If you think you felt pickled after the holidays, just imagine the plight of Portland Monthly’s editorial team. While reporting this month’s guide to the city’s bars, we dutifully filed out of our offices each night into the bleak, biting dark of midwinter, a roster of watering holes standing firmly between us and our couches. Kelly Clarke, our newly arrived senior editor who steered this particular feature, visited about 20 bars over the course of three weeks. (We ask forgiveness of her husband and daughter for this strange ritual of initiation.) There are, after all, 1,891 licensed bars in Portland—someone had to make the rounds.
Mornings in the office were filled with a din of commiseration and glee as we reported our findings: “What kind of self-respecting establishment serves muddled oranges and cherries in an old-fashioned?” “Have you ever witnessed the bizarre glory of Baby Ketten Karaoke?” “It was like some kind of soft-porn Slurpee!” “I’m telling you, I wanted to make out with this cocktail—it was that masculine.” But as we all sipped our way through town, slowly whittling down our list, we found ourselves thrilled with the 25 bars that endured, warming our bones and hearts on those cold nights.

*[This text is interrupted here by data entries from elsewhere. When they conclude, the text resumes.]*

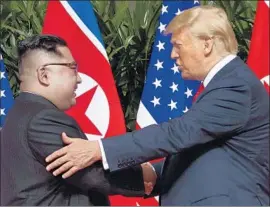  ?? Evan Vucci Associated Press ?? PRESIDENT TRUMP and Kim Jong Un in Singapore. “He speaks and his people sit up at attention. I want my people to do the same,” Trump said of Kim.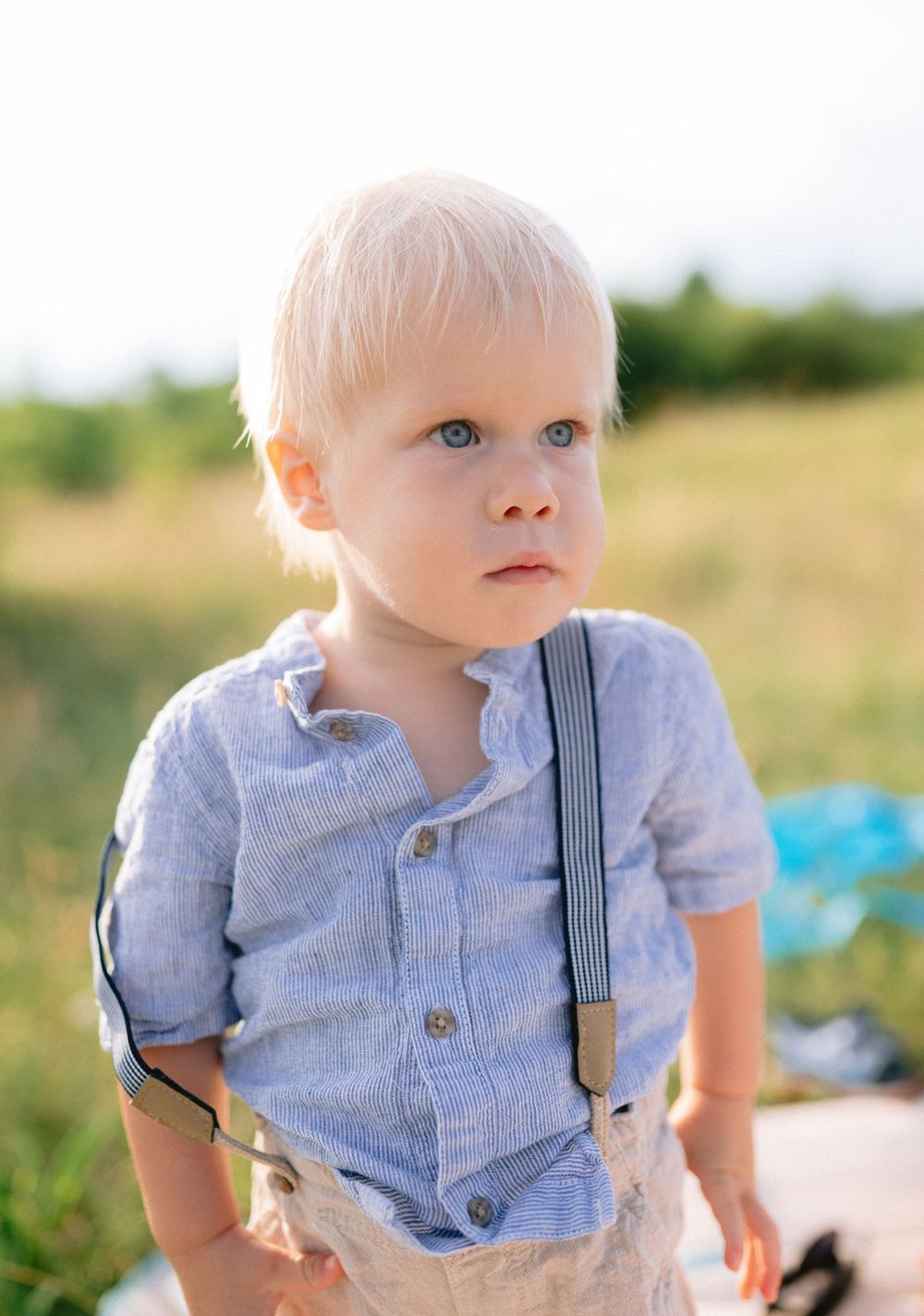 Adorable blonde toddler boy in blue linen shirt with suspenders standing outdoors in soft sunlight.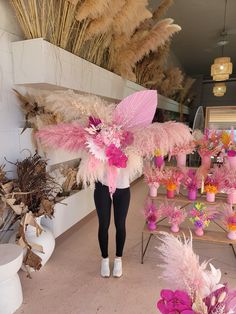 a woman is standing in front of some flowers and feathers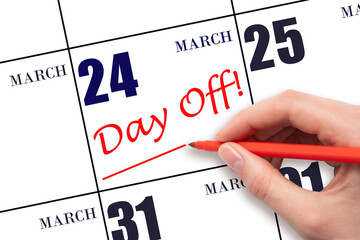 Hand writing text DAY OFF and drawing a line on calendar date 24 March. Vacation planning concept.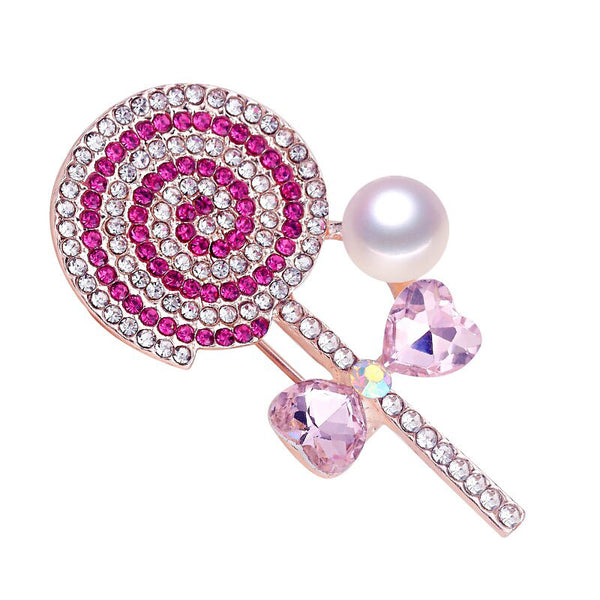 Broche de perlas naturales de agua dulce de alta calidad con forma de piruleta rosa y azul.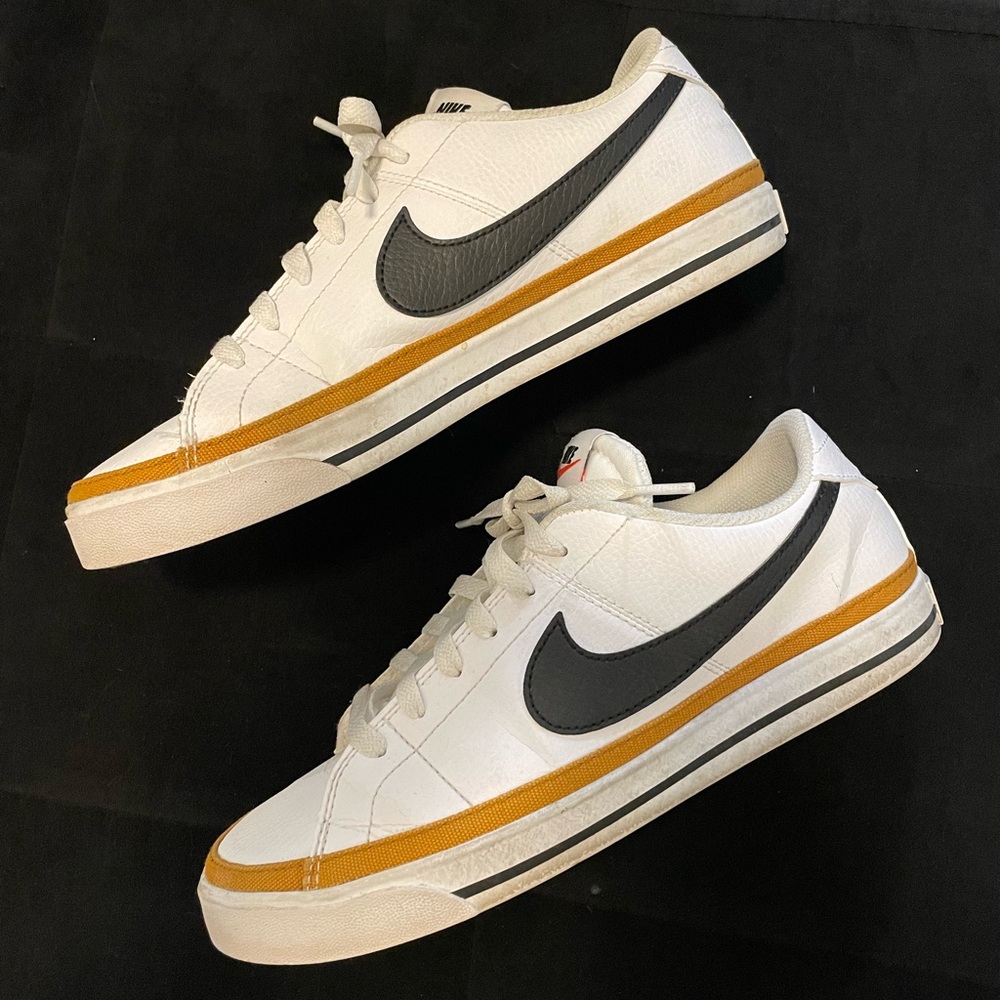 Nike Men's White and Black Sneakers with Gold Accents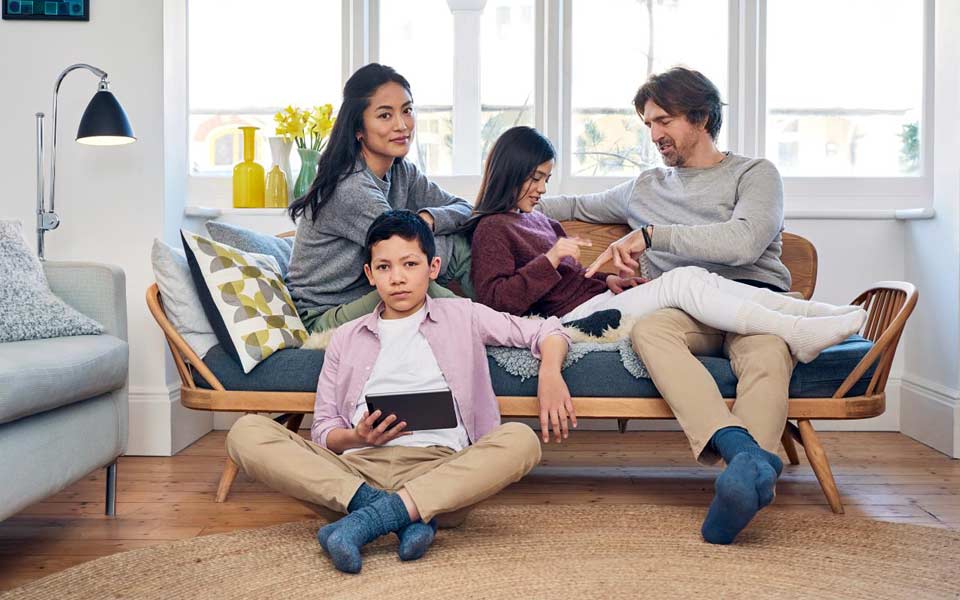 Familj på fyra personer som sitter i en soffa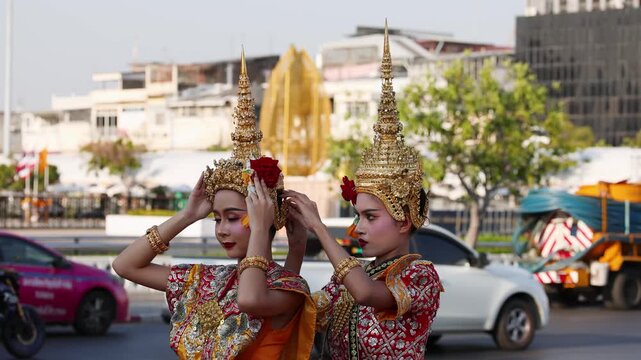 Thai Traditional Dancers Adjusting Golden Chada Headdresses in Bangkok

As you peruse our selections, you’ll find a haunted old dockworker hangout in Linnton rubbing elbows with candlelit cocktail labs, psychedelic tiki havens, and timeless dives. Strange bedfellows, but they all share that intangible essence of a great bar: when you walk in, you feel a sense of arrival. The rest of the world fades away and you can curl up, beverage in hand, maybe next to a fire, maybe in the glow of a karaoke screen, and “savor that little piece of time between one thing and the next”.
After this boozy romp through Stumptown, you might be ready for some sobriety. We were. Fortunately, this issue’s other features combine to create one of those pleasingly odd pile-ups that make working for a magazine not merely hazardous to your health but also quite fun. What could be more sobering than death? And yet Nancy Rommelmann’s sprightly story of a local undertaker who’s reinventing her little corner of the funeral industry invests that subject with Portland-style optimism and DIY spirit. Then our annual report on the area’s schools swings us in yet another direction, offering in-depth, by-the-numbers profiles of more than 600 public and private institutions dedicated to educating people far too young to even think about craft cocktails—let alone memorial planning.
So whether you’re seeking a suitable school, a backyard burial, or the perfect destination for your next night out, we’ve got you covered. Maybe by now, your New Year’s resolutions have faded away and you’re ready for a little fun after a healthy respite. I, for one, am still off the sauce. That’s one more bar stool for you.